### WHAT THE EXERCISE ASKS
Using the data below, set down every line from the one containing "Биокамин Kratki GOLF QUBE TUV" through the one containing "MAGLIA CON SCOLLO", inclusive and unchanged. Pictures are to be skipped.

━━━ DATA FOR REVIEW

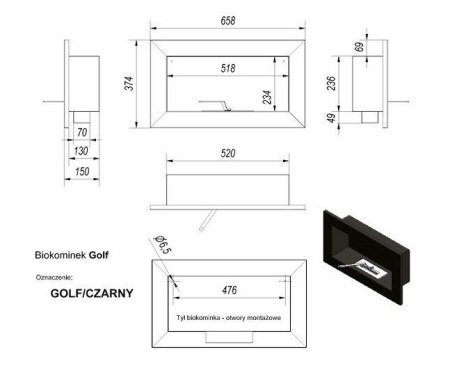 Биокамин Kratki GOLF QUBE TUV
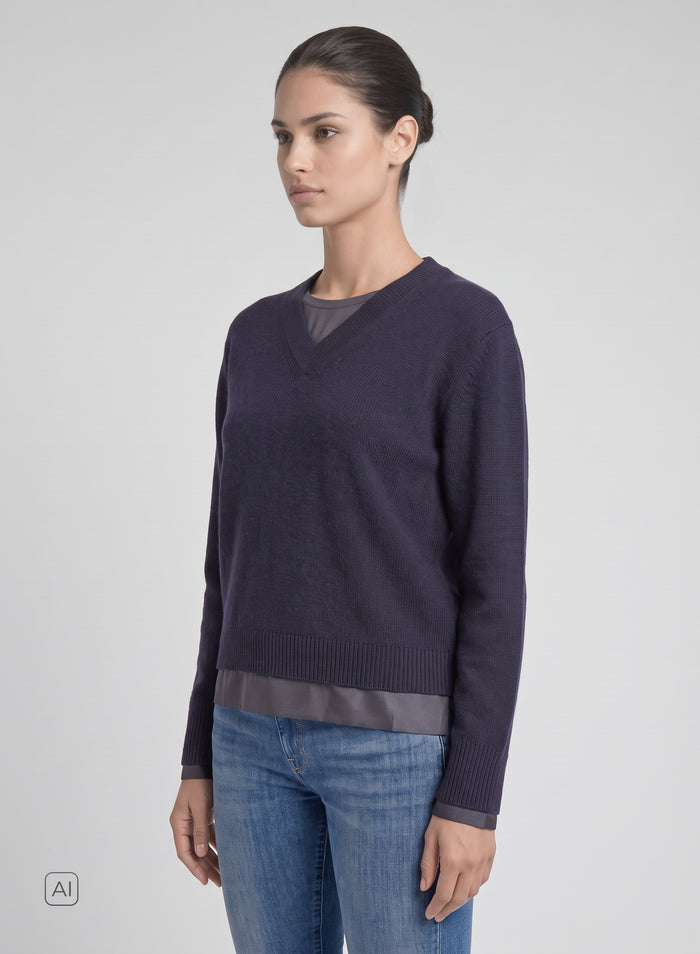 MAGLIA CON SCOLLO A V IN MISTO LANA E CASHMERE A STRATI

━━━━━━
━━━ DATA FOR REVIEW

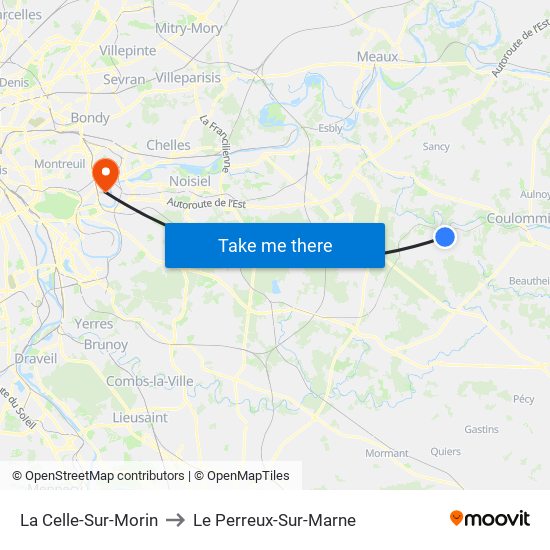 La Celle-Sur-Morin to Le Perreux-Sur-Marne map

━━━━━━
━━━ DATA FOR REVIEW

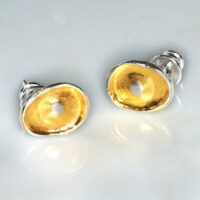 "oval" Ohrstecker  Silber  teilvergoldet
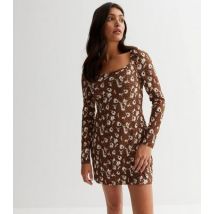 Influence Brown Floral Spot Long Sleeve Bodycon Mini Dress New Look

━━━━━━

### SOLUTION TO THE EXERCISE
 Биокамин Kratki GOLF QUBE TUV
 MAGLIA CON SCOLLO A V IN MISTO LANA E CASHMERE A STRATI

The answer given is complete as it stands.